In summary: SLE and EII are personages from different stories. For me the relationship of conflict turned into something that takes away enormous amount of strength, energy, time, and nerves and in place leaves only a feeling of tiredness. I would have given prizes to LSEs for their endurance - how do they manage to tolerate such duals? Personable, cute, intelligent, supportive and articulate - but slowly sucking your strengths out of you, while wrapping it all into a neat and likable package of white ethics and black intuition.

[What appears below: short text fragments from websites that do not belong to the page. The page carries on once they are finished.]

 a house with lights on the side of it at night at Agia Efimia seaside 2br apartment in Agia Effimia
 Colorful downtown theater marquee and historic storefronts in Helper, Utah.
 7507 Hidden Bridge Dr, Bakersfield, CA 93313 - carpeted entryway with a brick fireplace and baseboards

Kansas (EIE): My SLE boyfriend has talked a lot about his 2-year relationship with a girl of type EII. Everything was well at the start, but now he remembers their relationship almost shuddering, as if from a toothache, and can't stand to look at her pictures. He said: "All we did was fight, and when we fought, we fought hard." It came to physical altercations. Because when SLE is angered it's best not to approach him, while she would provoke him even further, go into hysterics, start crying, and when SLE sees a weak victim, he squeezes the person even harder until this person is completely crushed morally. After all this, the EII forgave him everything and still loves him. She still writes him, even after their break-up, says that she wants to be with him, sends him tender words for his birthday. (So devoted are EIIs, no matter what is done to them.) But all this devotion and forgiveness the SLE sees as a weakness of character, due to which he would often tell her that she is "incapable of anything adulator that allows others to do with her anything they want". He is a gentle man (around me at least), but this EII drove him into a fury. About her he would say "she's not a person at all", and when I asked him to explain what he means by this, he said that she is always up in the clouds, that she is poorly adapted to life, that in her manners and behaviors he only saw an annoying puppet theater (that she depicted herself as so fitting, sweet, and feminine, but he had a hard time believing in this).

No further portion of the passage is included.